Weigering medewerking aan dwangakkoord door schuldeiser in faillissementsrecht

In deze zaak heeft het Gerechtshof Arnhem-Leeuwarden op 21 december 2017 uitspraak gedaan in hoger beroep inzake een verzoek van [belanghebbende] om Direktbank te bevelen in te stemmen met een door haar aangeboden schuldenregeling. De rechtbank Noord-Nederland had eerder, op 2 november 2017, het verzoek van [belanghebbende] toegewezen. Direktbank, de enige schuldeiser, heeft in hoger beroep aangevoerd dat zij niet kan worden gedwongen akkoord te gaan met een regeling waarbij zij slechts 4,1% van haar totale vordering ontvangt. Het hof heeft vastgesteld dat het verzoek van [belanghebbende] onvoldoende gedocumenteerd was en dat niet aannemelijk was gemaakt dat het aanbod het uiterste was waartoe zij financieel in staat was. Het hof heeft daarbij de relevante wetgeving, met name artikel 287a lid 5 van de Faillissementswet, in overweging genomen, en geconcludeerd dat een schuldeiser in beginsel vrijstaat om medewerking aan een schuldregeling te weigeren.
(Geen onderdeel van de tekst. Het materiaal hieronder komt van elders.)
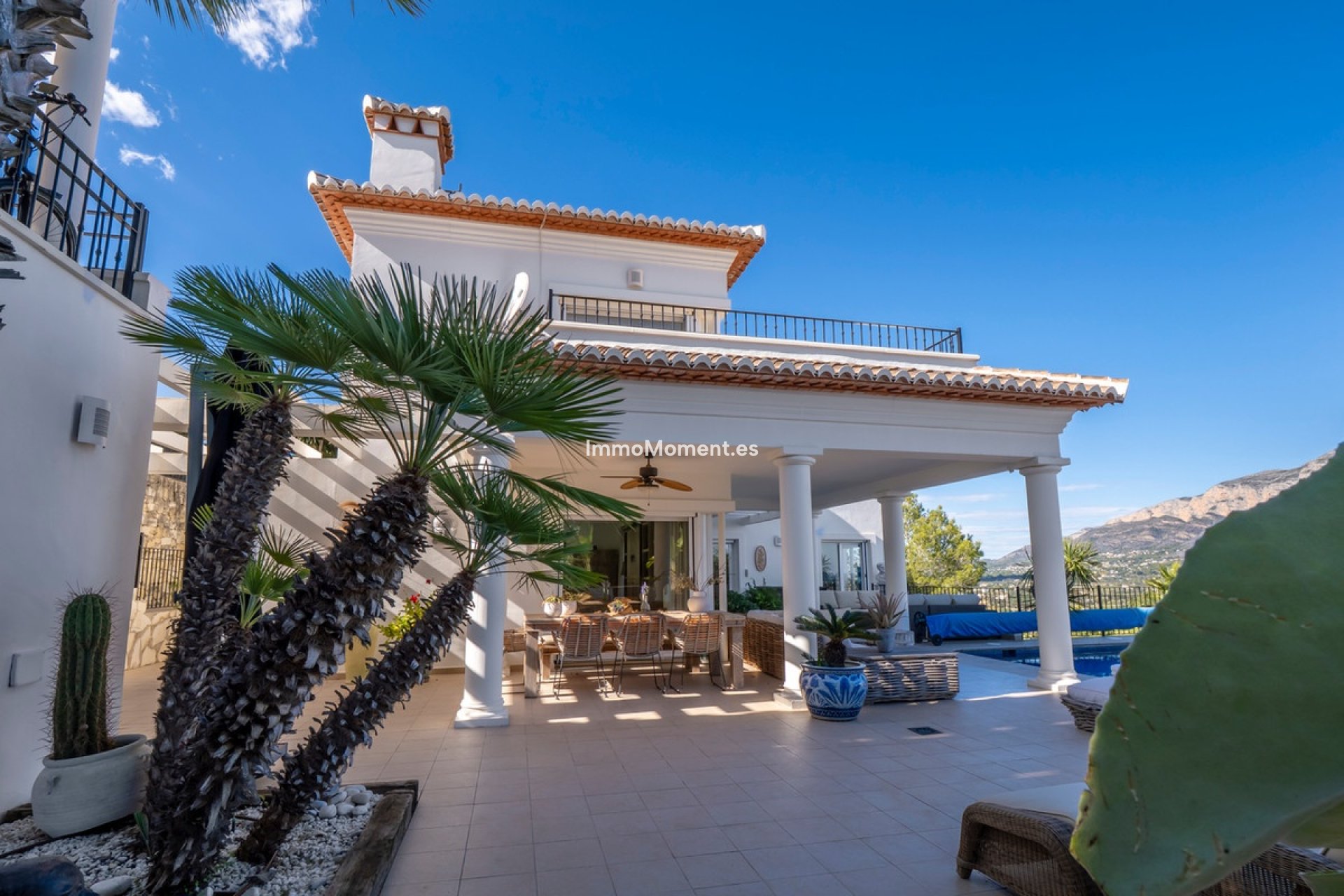 Revente - Villa individuelle - Jávea - Jávea - Xàbia Centro
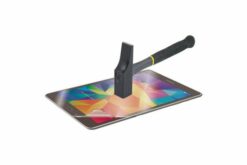 MOBILIS Protège-écran anti-chocs IK06 pour Galaxy Tab A6 10.1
Het hof heeft geoordeeld dat Direktbank in redelijkheid tot deze weigering kon komen en heeft het vonnis van de rechtbank vernietigd. Tevens is het subsidiaire verzoek van [belanghebbende] om toelating tot de wettelijke schuldsaneringsregeling in behandeling genomen, met een nieuwe zittingsdatum.

Uitspraak

GERECHTSHOF ARNHEM-LEEUWARDEN
locatie Leeuwarden
afdeling civiel recht, handel
zaaknummer 200.227.530/01
(zaaknummer rechtbank 179362 FT RK 17.1372)
arrest van 21 december 2017
inzake
ABN AMRO HYPOTHEKEN GROEP B.V.,
tevens h.o.d.n. Direktbank,
gevestigd te Amersfoort,
appellante,
hierna te noemen:
Direktbank,
advocaat: mr. A. Bijnevelt, kantoorhoudende te Rosmalen,
en
[belanghebbende] ,
wonende te [A] ,
belanghebbende,
hierna te noemen:
[belanghebbende],
advocaat: mr. L.J. Steenbergen, kantoorhoudende te Epe.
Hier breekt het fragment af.